Do the Spanish Christmas Lottery prizes boost entrepreneurship?

A study shows how unexpected cash windfalls have a significant effect on business activity by analyzing the Spanish territories that have won the Christmas lottery in recent decades.

Vicente J. Bermejo

The Spanish Christmas lottery is a national event watched by millions every year. ‘El Gordo’, or ‘The Big One’, is televised live on 22 December, with a choir of children singing the numbers as they’re announced. 

Unlike most lotteries, which sell unlimited individual tickets with numbers either chosen by the player or allocated at random, in the Lotería Nacional multiple tickets share the same number and are often sold by the same official vendor. 

The Lotería Nacional offers a real-world setting to examine the impact of unconditional cash transfers

As a result, the winning tickets with the largest prizes create an immediate windfall concentrated in one small area — and offer a real-world setting to examine the impact of unconditional cash transfers in specific regions. 

Esade’s Assistant Professor Vicente J. Bermejo, with Miguel A. Ferreira (Universidade Nova de Lisboa), Daniel Wolfenzon (Columbia University and NBER) and Rafael Zambrana (University of Notre Dame) studied evidence from lottery winners to examine how these cash windfalls affect entrepreneurship

The research, published in the Journal of Financial and Quantitative Analysis, reveals that the real winner is the local economy

The numbers game

All Lotería Nacional tickets feature one of 100,000 five-digit numbers. Each of these five-digit numbers is divided into 160 series, with each series divided again into 10 to create 1600 individual tickets, costing €200.  

However, one “ticket” is actually a strip of 10, which can in turn be sold individually for €20. One five-digit number could be shared between 1,600 to 16,000 ticket holders, and all holders of a ticket with the winning five-digit number will take a share of the total prize pot for that ticket.  

This can range from the top prize of €4 million to the lowest prize of €200. As tickets are sold by official vendors who are allocated a series of tickets, the winners are normally concentrated in one small area. This offers a unique setting to explore the impact of cash windfalls on the establishment and growth of small businesses and local job creation. 

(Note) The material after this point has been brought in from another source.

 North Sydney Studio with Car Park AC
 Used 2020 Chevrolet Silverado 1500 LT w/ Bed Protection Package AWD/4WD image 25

A perfectly formed randomized trial 

Economic conditions play an obvious role in small business success, but the wide number of factors at play and the difficulty in obtaining private data of small firms hinders research efforts to prove a causal relationship with entrepreneurial activity

The Spanish Christmas lottery offers an opportunity to overcome these barriers to research in several ways. As well as the largest prizes delivering a significant windfall concentrated in one area, the conditions of play offer a naturally randomized control trial setting to examine the impact of this cash boost.  

Job and business creation increase significantly in winning areas

The lottery is played on the same day every year, so the effects of this windfall — which can be worth up to six percent of the area’s gross domestic product — are not contingent on any external economic or policy conditions

And around 75 percent of the Spanish population participates in the lottery, providing the researchers with a wide sample of ordinary citizens as opposed to habitual gamblers or seasoned entrepreneurs.  

A gift to the economy

The research, which covers the period from 1994 to 2016 for each of Spain’s 50 provinces, examined the financial information of over 2.5 million public and private Spanish firms.  

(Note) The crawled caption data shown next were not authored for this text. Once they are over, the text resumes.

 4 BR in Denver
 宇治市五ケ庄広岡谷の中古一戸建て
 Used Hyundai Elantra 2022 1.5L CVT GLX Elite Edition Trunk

By comparing new firms created in the same year in non-winning provinces, they found that lottery prizes have “a positive and significant effect” on entrepreneurial activity, with job and business creation increasing significantly in winning areas.  

For every prize of €1000 per person, firm entry increased by 0.29 percentage points and job creation by startups increased by 3.3 percentage points. For increases in disposable income of €3760 per person, 271 new firms would be created per province, per year — around 13 percent of the average annual number. The same cash boost would lead to 1000 new jobs — an annual increase of 16 percent. Overall, the firms created in winning provinces were larger, paid higher wages, were more profitable and survived longer.  

Business as usual

For established businesses, lottery winnings had no impact on profitability, growth or job creation. The researchers attribute this to the relatively low level of prize money.  

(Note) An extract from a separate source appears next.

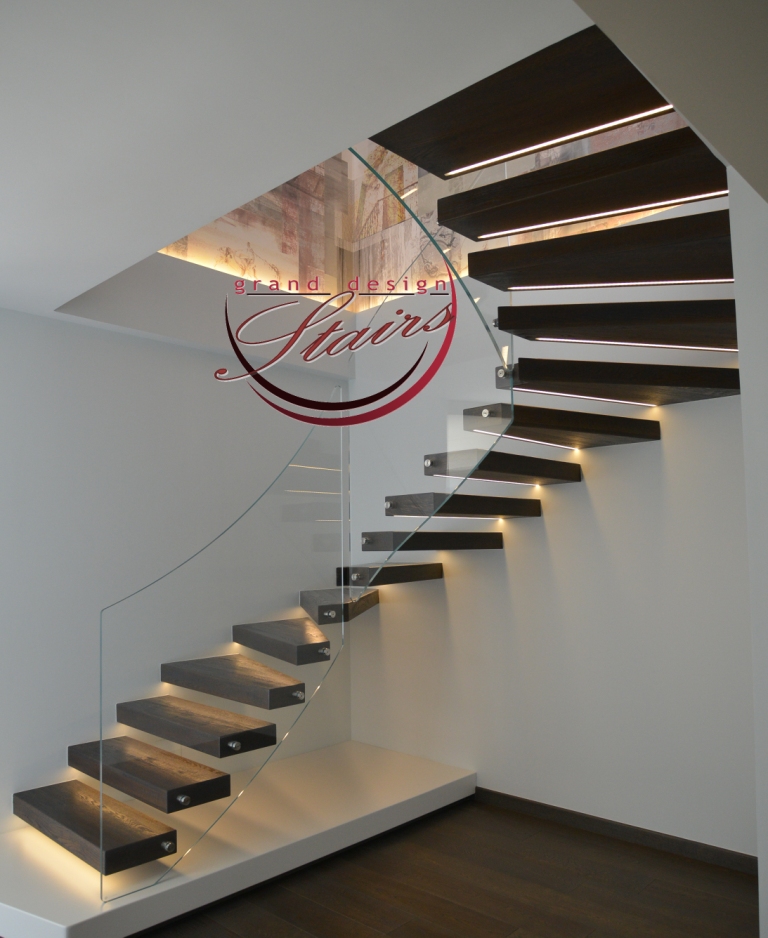 Cantilever staircase with led lights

Where a modest cash prize could facilitate entry to market for a startup, its impact would not be significant on potential investment opportunities for incumbent businesses. However, the job market competition created by the startups in the area did lead to an overall increase in wages

The lottery prizes created a positive effect on self-employment, particularly in the services sector and manufacturing. And, as the labor market was enhanced by startups, the risk of moving into self-employment was seen as being reduced by the safety net of returning to an employed role. 

The potential benefits of unconditional cash transfers have been examined extensively by economists. The research from Bermejo and co-authors highlights the long-term positive impact they can and do have on the creation of new businesses and jobs — particularly in regions with limited access to credit.